*Given data*:
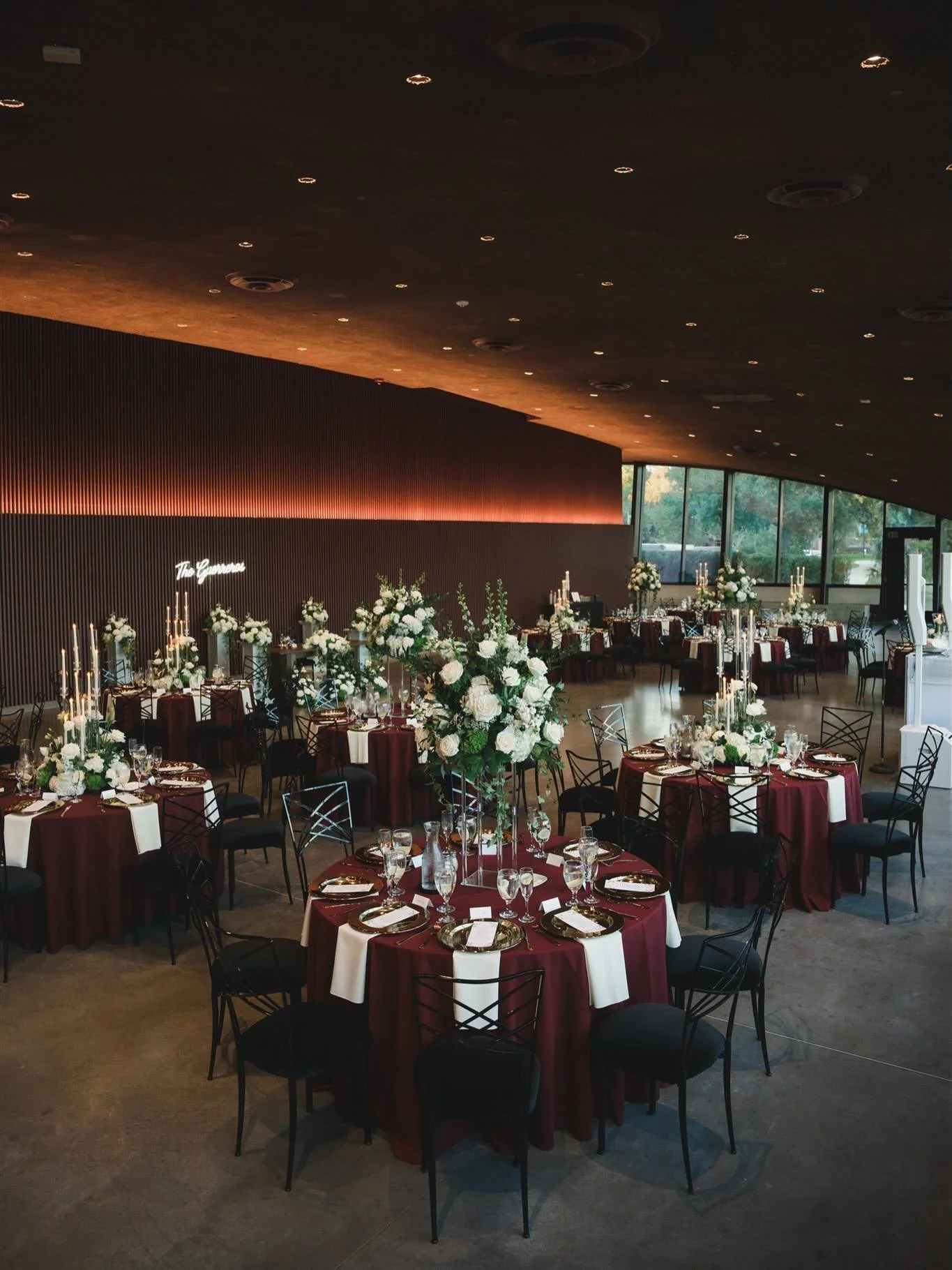 Emanuelle &amp; Cleb&rsquo;s beautiful reception at the @winterparkeventscenter
&hellip;
Ceremony/Reception: @winterparkeventscenter 
Planner: @dperfecttouchevents 
Photo: @nativ.lens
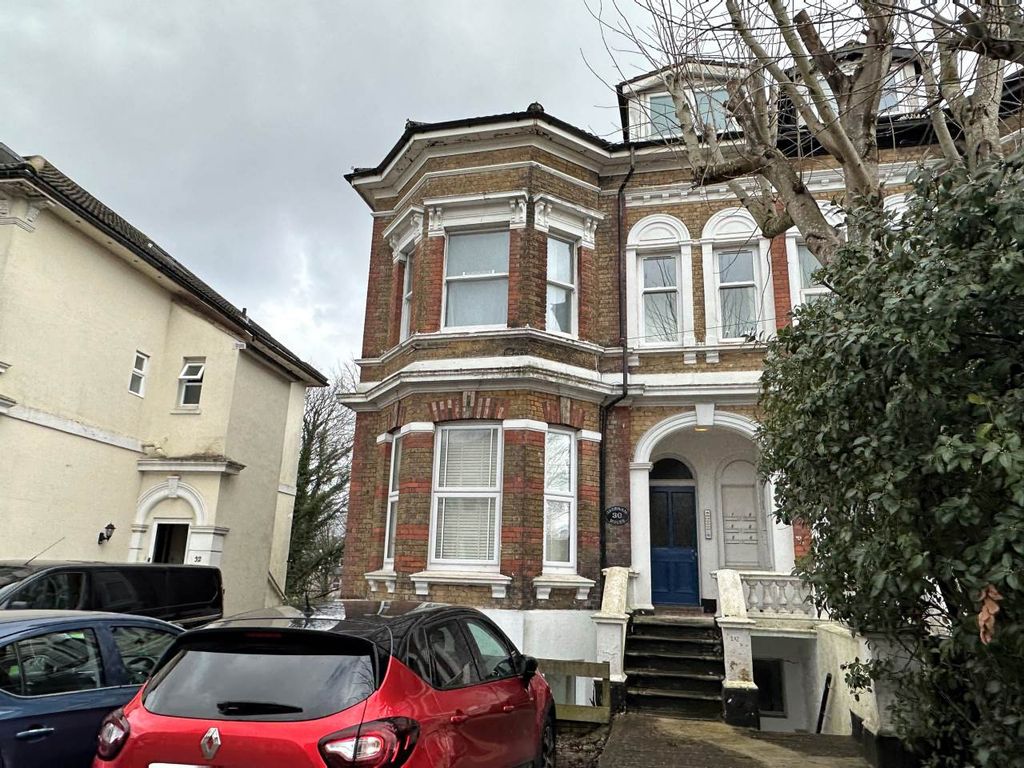 Property photo 1 of 8 Img_0219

*Task description*: Retype the data above exactly. Leave the pictures out.

*Your response*:
 Emanuelle &amp; Cleb&rsquo;s beautiful reception at the @winterparkeventscenter
&hellip;
Ceremony/Reception: @winterparkeventscenter 
Planner: @dperfecttouchevents 
Photo: @nativ.lens
 Property photo 1 of 8 Img_0219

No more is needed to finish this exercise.